__Task requirements__
If an entry holds a picture, leave the picture out and copy the rest of the listing exactly.

__Extracted information__
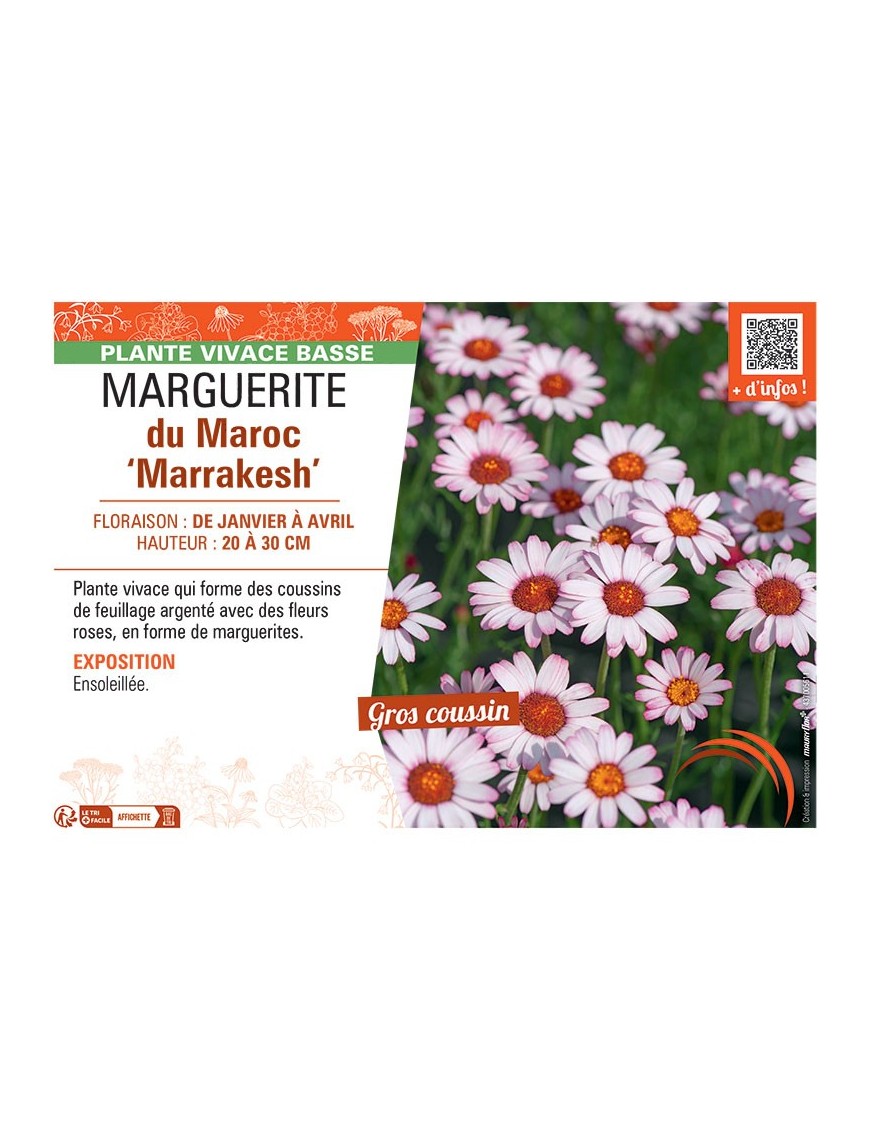 MARGUERITE DU MAROC MARRAKESH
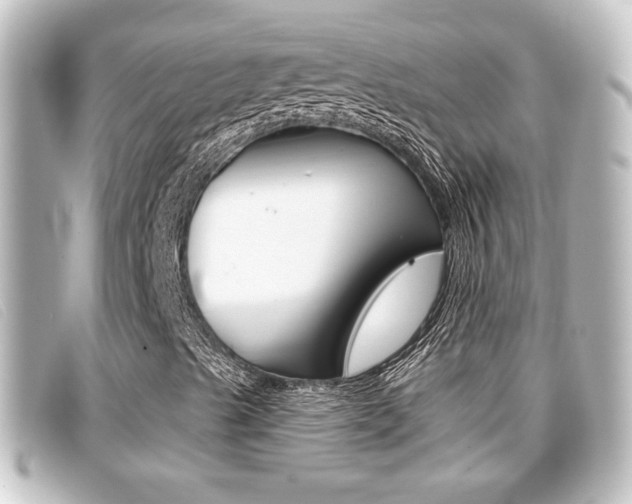 X0000096711489200802051025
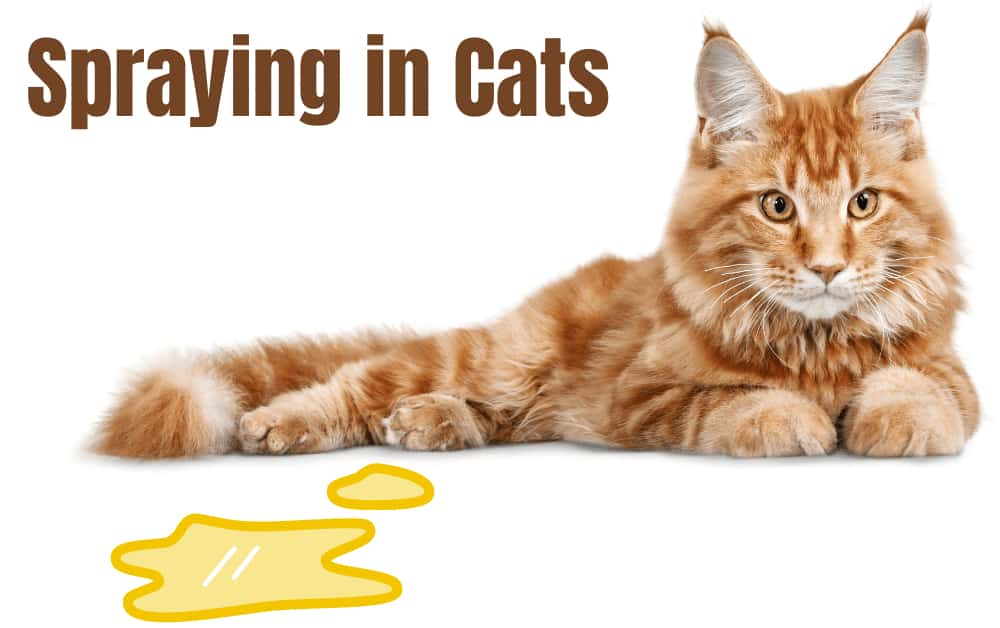 How often do Male cats spray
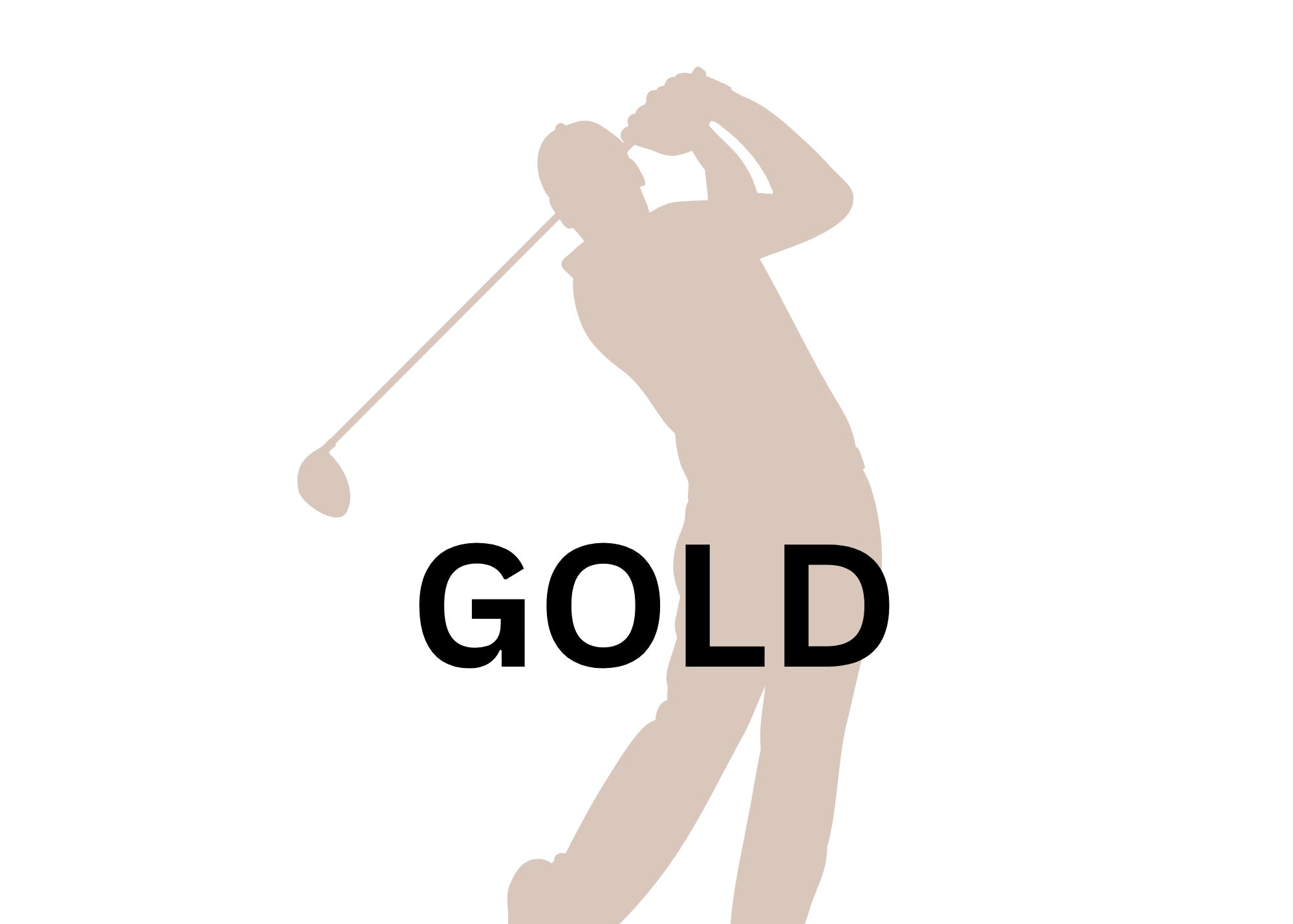 4th Annual AmFam Golf Tournament - Default Image of Gold Level Sponsor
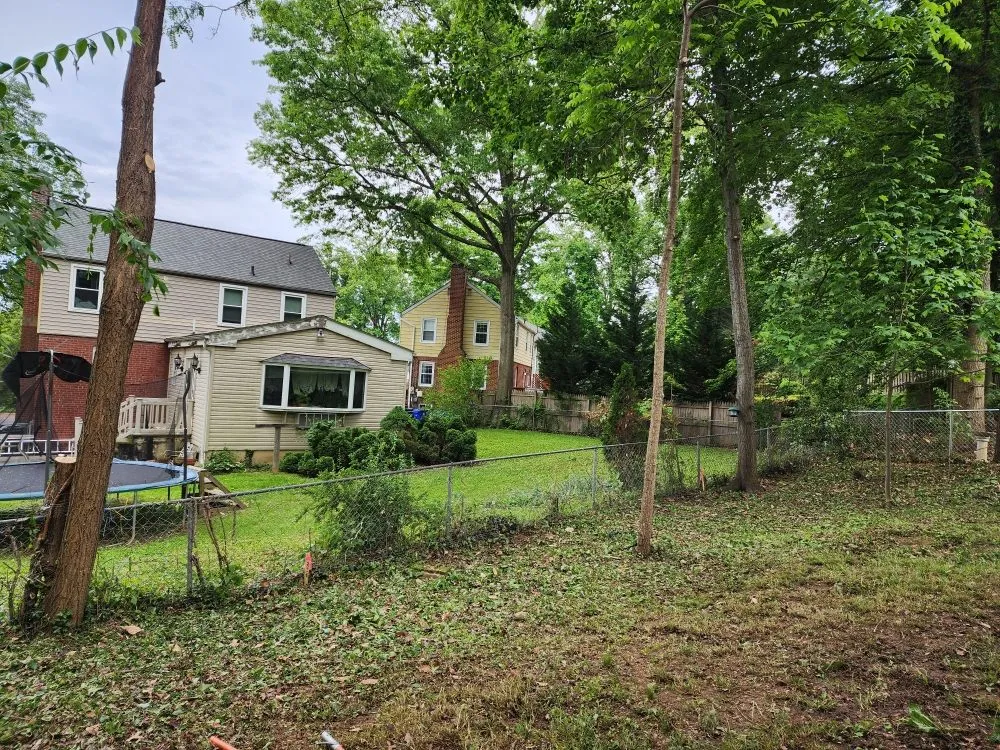 Reliable landscape design for year-round maintenance in Culpeper, VA by Green Care Tree & Landscaping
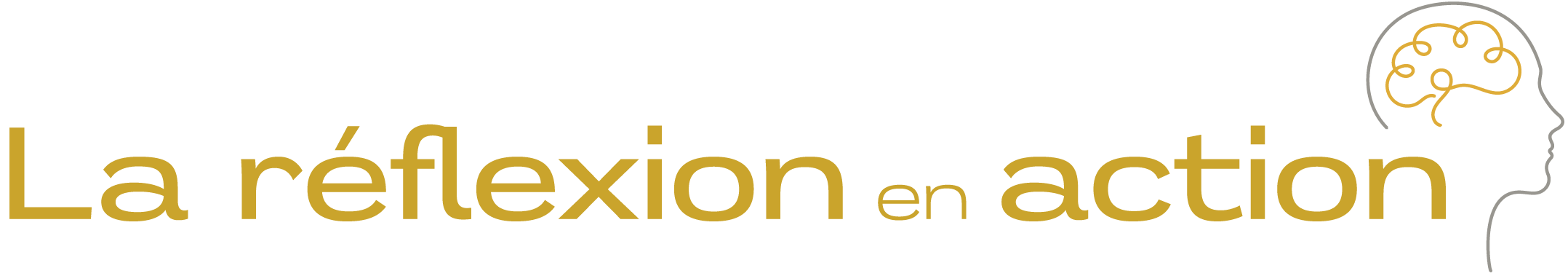 La réflexion en action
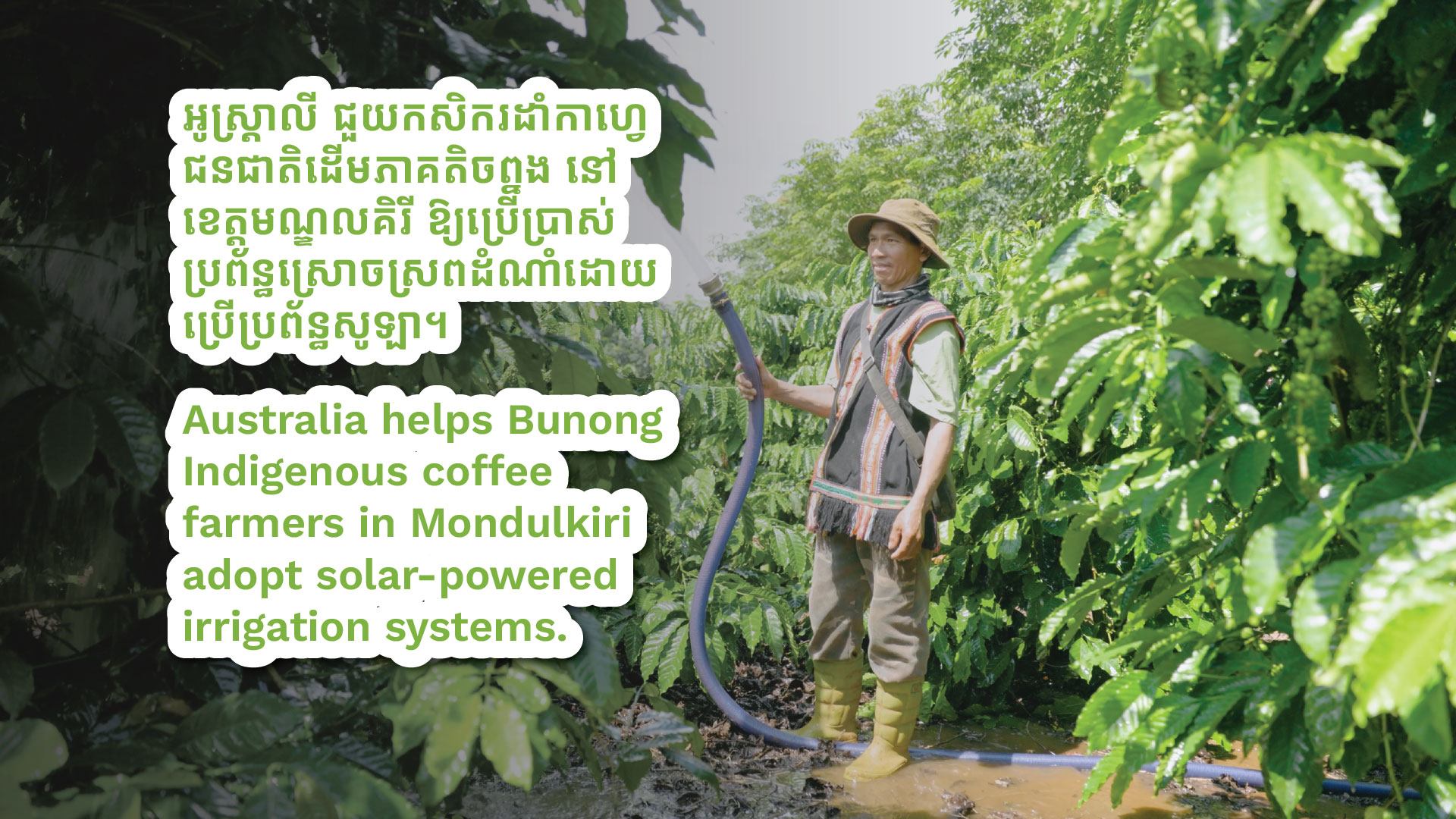 Australia improves energy security for Indigenous coffee farmers in Mondulkiri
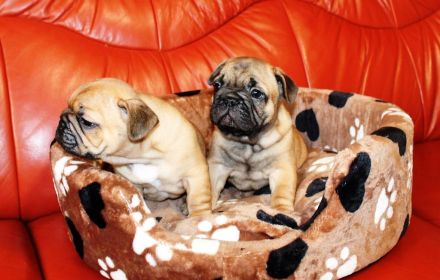 Wunderschöne rote französische Bulldoggenwelpen zu verkaufen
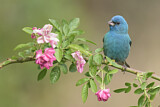 Image. Indigo Bunting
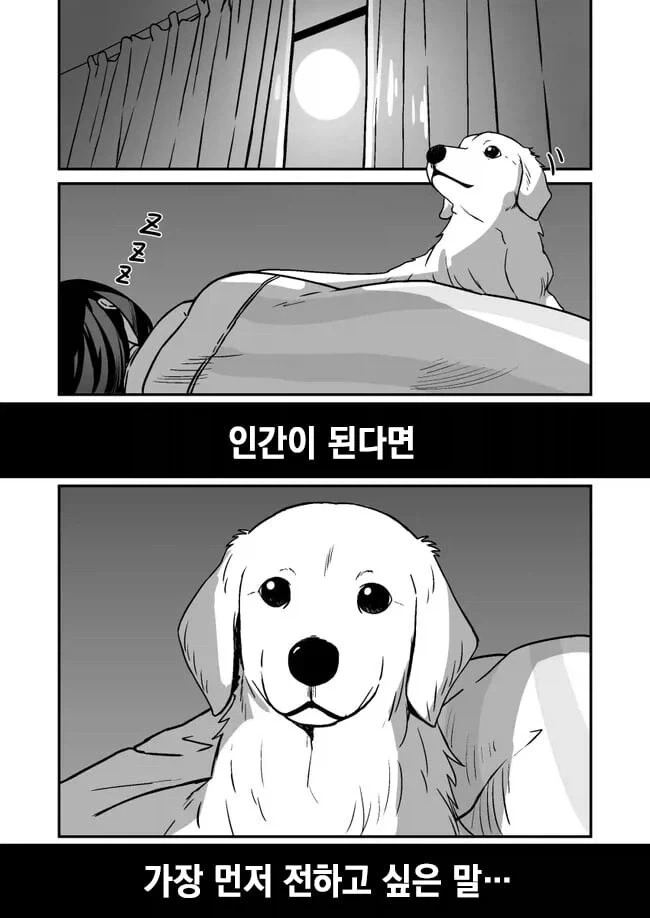기르던 개가 사람이 되는 망가_2.webp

__Finished exercise__
 MARGUERITE DU MAROC MARRAKESH
 X0000096711489200802051025
 How often do Male cats spray
 4th Annual AmFam Golf Tournament - Default Image of Gold Level Sponsor
 Reliable landscape design for year-round maintenance in Culpeper, VA by Green Care Tree & Landscaping
 La réflexion en action
 Australia improves energy security for Indigenous coffee farmers in Mondulkiri
 Wunderschöne rote französische Bulldoggenwelpen zu verkaufen
 Image. Indigo Bunting
기르던 개가 사람이 되는 망가_2.webp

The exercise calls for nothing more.